I love that concept of letting the player walk around and experience this constant shift alongside the music. When you extricate yourself from the creative process, though, how do you take the time to care for just yourself?

Besides The Real Housewives, I’ve thought about this for a long time because the music I make is very draining. I’m sure it’s extremely draining to listen to, but it’s also very draining to make. But somehow, the way for me to push through that is making more music. Something I really stress within my process in general is that not everything has to come out and be a project; you can just make something to make something. I think the best way that I take care of myself is doodling, but with music.

I don’t like a lot of what I make, but it’s fun, it’s entertaining, and it’s also exciting. When I’m belaboring over certain ideas or certain elements, it allows me to keep a relative distance from what I’m trying to finish, and it also reminds me of how exciting this process can continue to be.

Continuing to rediscover the joy in your work can be laborious, especially with the added pressures of the outside world: from labels and shows and all the things that come as a package deal with being an artist. Returning to this idea of a self-perceived limitlessness driving you forward, how do you maintain that outlook in the face of very real, rigid external barriers?

It’s hard. I can admit that, and I wish more people did publicly. I know a lot of people talk about how hard it is behind the scenes, but I wish more people also talked about how difficult it is to want your music to sustain yourself artistically and emotionally, but also financially. It’s so draining, and it just creates so many more barriers than I could have ever imagined when I’d first started making music.

There’s a lot of pressure with shows, for sure. I feel the need to do a good job so people want to book me. It’s difficult because to me, what people perceive as worth seeing is extremely limited. I think a lot of unconventional performances are so interesting and deserving of an audience. That’s the biggest barrier for me, and it’s the one that I’m trying the hardest to break.

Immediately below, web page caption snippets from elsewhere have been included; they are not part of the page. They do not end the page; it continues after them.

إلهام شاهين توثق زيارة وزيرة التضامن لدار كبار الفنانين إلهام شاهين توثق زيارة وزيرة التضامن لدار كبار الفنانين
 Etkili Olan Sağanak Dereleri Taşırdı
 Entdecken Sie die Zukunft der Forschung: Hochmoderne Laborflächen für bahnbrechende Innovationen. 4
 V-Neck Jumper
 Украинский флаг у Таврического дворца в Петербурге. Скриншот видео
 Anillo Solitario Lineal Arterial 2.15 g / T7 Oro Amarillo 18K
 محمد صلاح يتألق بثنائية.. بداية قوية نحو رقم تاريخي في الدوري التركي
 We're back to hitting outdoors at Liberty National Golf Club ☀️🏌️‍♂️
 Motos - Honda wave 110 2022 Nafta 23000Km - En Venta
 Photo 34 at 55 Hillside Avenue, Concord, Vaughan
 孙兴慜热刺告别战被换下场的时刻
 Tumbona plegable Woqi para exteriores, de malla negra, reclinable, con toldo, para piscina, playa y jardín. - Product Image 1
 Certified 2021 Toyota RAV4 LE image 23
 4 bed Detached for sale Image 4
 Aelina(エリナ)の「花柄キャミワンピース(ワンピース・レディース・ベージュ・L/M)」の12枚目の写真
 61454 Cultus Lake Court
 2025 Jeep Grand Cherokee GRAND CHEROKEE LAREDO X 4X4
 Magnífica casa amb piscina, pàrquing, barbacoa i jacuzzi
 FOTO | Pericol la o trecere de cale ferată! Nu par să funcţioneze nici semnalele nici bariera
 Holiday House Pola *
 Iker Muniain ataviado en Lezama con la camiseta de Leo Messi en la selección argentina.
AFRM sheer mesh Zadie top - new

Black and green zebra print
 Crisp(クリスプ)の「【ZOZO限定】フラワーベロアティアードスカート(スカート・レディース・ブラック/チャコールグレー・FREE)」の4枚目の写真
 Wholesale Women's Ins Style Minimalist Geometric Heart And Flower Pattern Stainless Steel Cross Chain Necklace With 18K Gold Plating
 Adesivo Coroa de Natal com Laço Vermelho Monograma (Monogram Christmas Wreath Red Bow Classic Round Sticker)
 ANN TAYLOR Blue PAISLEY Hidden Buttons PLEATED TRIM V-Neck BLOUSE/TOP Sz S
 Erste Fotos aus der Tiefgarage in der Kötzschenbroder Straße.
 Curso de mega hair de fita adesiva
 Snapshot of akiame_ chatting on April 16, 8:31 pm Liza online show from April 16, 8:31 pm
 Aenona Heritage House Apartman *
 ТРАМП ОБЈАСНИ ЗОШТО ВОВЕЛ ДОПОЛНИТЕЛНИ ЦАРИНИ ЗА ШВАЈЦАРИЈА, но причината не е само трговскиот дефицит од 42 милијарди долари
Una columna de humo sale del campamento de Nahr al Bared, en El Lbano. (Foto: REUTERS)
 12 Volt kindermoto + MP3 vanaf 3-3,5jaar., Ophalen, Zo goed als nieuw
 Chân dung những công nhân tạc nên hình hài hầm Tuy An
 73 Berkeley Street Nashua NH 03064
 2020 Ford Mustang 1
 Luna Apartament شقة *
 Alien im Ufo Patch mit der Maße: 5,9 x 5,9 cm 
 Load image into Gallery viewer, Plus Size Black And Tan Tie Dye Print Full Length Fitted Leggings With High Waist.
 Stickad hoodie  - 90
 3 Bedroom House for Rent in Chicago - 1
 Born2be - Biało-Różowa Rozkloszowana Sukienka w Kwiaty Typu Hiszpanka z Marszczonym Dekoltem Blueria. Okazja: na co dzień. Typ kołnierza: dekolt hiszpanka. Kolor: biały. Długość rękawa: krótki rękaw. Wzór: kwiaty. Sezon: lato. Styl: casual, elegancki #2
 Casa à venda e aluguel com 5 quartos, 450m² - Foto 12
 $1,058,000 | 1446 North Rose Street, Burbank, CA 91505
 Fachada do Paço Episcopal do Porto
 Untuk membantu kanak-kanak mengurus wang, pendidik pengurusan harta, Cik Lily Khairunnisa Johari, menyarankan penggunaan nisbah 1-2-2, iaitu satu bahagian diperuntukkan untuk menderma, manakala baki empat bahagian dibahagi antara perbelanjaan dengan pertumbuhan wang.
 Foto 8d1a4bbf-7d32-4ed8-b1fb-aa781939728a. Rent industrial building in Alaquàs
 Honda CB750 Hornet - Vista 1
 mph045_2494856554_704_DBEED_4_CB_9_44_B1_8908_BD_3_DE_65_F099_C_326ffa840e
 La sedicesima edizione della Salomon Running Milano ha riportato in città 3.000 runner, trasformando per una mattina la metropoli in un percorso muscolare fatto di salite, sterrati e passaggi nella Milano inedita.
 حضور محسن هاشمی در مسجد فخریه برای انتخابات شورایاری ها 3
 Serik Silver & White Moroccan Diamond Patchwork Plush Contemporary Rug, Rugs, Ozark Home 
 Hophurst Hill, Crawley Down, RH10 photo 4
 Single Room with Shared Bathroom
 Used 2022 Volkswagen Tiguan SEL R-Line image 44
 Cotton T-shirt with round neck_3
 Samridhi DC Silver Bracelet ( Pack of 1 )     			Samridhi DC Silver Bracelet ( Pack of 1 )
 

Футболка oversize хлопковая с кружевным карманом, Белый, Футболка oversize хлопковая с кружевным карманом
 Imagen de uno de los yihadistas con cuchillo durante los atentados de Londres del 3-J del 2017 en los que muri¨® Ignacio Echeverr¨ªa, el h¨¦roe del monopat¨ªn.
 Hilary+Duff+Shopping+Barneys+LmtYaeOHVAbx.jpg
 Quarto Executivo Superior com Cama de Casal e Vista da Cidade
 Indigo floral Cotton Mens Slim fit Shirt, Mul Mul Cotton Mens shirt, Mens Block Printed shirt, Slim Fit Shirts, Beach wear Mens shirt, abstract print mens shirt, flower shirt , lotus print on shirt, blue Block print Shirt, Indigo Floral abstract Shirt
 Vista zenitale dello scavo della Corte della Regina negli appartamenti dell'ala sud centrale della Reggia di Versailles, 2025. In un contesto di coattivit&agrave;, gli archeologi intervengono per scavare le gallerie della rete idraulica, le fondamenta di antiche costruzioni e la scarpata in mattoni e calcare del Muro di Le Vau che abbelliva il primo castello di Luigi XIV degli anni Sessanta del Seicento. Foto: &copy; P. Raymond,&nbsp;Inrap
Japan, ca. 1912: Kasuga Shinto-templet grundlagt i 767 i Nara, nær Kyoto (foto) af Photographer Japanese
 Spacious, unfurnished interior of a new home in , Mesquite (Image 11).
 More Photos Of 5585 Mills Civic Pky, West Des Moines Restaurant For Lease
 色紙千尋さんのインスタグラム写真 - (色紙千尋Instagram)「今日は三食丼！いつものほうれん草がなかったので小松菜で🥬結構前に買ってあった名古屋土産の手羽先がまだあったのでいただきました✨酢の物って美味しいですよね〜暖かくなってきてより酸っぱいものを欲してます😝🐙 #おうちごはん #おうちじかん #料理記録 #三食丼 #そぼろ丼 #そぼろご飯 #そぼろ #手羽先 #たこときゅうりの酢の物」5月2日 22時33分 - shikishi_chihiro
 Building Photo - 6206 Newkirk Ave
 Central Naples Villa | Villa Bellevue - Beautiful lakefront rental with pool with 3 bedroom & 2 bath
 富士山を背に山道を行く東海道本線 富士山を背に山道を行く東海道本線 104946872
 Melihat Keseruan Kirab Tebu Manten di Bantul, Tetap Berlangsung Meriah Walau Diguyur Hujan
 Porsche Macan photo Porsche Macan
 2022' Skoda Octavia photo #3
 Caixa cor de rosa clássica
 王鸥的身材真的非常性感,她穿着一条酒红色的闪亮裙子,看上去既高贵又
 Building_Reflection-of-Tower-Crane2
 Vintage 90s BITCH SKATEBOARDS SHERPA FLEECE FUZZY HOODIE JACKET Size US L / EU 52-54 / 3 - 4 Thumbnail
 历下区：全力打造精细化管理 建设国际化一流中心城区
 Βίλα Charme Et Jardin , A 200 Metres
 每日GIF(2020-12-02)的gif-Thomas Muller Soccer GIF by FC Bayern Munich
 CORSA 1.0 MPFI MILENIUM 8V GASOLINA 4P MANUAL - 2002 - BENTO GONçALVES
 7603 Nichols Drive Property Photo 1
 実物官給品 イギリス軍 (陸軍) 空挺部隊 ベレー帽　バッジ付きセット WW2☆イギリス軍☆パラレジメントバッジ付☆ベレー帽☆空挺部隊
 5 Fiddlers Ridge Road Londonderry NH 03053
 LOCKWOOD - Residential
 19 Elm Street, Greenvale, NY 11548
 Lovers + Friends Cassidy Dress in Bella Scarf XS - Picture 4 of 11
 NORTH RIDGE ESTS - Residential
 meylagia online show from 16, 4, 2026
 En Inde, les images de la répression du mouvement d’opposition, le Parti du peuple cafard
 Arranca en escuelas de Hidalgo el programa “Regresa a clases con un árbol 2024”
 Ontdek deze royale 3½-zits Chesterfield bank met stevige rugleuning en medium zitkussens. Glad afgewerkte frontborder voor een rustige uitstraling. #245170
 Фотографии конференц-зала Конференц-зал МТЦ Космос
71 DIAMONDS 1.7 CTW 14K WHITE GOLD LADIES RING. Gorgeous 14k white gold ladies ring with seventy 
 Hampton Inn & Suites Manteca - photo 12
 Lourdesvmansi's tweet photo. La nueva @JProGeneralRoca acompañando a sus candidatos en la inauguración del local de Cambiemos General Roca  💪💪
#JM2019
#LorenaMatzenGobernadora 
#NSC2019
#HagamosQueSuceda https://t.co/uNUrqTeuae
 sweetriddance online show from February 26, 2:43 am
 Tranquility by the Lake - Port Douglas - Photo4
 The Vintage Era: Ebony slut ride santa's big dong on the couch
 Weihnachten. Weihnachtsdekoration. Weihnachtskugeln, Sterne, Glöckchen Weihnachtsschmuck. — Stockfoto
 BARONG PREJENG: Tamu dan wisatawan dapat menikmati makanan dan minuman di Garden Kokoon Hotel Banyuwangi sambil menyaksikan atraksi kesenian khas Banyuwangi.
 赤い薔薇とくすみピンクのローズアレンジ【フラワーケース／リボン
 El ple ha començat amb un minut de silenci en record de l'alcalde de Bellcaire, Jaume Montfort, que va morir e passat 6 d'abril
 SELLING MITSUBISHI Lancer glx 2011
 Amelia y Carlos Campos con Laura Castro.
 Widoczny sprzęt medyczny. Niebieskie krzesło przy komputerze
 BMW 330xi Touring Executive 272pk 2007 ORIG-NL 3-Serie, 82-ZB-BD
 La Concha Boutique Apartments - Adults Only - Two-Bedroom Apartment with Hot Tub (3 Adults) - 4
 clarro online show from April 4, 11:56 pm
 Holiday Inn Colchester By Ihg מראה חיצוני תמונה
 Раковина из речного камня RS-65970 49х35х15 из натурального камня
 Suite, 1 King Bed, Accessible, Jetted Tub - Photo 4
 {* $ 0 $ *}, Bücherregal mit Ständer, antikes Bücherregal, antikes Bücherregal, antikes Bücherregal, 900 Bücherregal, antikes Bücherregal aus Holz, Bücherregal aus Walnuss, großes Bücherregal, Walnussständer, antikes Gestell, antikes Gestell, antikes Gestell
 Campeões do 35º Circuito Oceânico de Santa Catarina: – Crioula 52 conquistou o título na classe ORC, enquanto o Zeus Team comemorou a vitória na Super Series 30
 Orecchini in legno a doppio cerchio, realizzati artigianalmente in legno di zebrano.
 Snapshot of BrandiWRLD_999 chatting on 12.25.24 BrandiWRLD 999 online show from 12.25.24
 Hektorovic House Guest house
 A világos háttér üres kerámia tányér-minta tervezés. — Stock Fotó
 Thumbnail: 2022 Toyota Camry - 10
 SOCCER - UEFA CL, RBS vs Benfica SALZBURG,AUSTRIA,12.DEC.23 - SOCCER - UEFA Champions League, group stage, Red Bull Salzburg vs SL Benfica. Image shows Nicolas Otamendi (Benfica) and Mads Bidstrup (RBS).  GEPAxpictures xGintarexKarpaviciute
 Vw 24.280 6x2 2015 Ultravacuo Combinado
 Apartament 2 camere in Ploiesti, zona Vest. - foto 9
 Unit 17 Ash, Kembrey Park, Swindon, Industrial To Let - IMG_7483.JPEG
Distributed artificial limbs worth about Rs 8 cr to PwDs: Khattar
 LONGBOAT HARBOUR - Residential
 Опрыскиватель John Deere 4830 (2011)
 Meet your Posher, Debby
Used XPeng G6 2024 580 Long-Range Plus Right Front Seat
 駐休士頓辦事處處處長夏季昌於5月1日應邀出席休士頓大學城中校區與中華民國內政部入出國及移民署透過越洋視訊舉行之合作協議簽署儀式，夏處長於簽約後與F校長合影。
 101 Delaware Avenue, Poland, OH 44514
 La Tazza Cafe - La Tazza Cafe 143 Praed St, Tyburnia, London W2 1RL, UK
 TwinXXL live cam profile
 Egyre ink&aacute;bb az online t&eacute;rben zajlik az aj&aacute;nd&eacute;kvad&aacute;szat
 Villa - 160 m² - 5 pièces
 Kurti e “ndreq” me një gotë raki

Going on tour, actually, was a bit of an experiment for me to figure out what was registering with people: finding that equilibrium between what you want and what your audience wants. It’s tough in a million ways. I’m still learning.

In spite of how entrenched these limitations can feel, it’s awe-inspiring how you continue to maintain the integrity of such a genuinely self-realized creative process. Do you have advice for anyone struggling with feeling inauthentic in their creative output?

Stop pandering and do whatever you want. Let’s just say nobody ever wants to hear anything else I do again and I’m just self-releasing for no one except my sister, begrudgingly: at least I can say with utmost confidence that my work has integrity, and that I put everything I wanted to into the music.

Stick to your gut and don’t worry so much about what people have to say. That agency is so hard to find in other places within the music industry, so you should at least feel like you have as much agency as possible. I always wonder, who knows what’s going to happen after? I might as well feel like everything I’m doing right now is exactly what I want to do.

Lucy Liyou Recommends:

A Secret Code by Pamela Z. She’s this incredible electronic artist; any vocal manipulation you hear in pop music, or even just electronic experimental music, she did it first.

Storm & Stress, especially their album Under Thunder and Fluorescent Lights.

Through The Looking Glass by Midori Takada. Just really, really beautiful stuff. She’s a legend.

Derek Walcott’s Omeros. I heard he’s an absolute criminal with a lot of allegations, so let’s take this with a grain of salt. But I was given this book of really beautiful poetry; it’s narratives that are interwoven with Homer epics and it’s really wonderful.

The painter Faye Wei Wei, who actually is the person who gave me Omeros. I think she’s one of the most incredible artists that we have right now.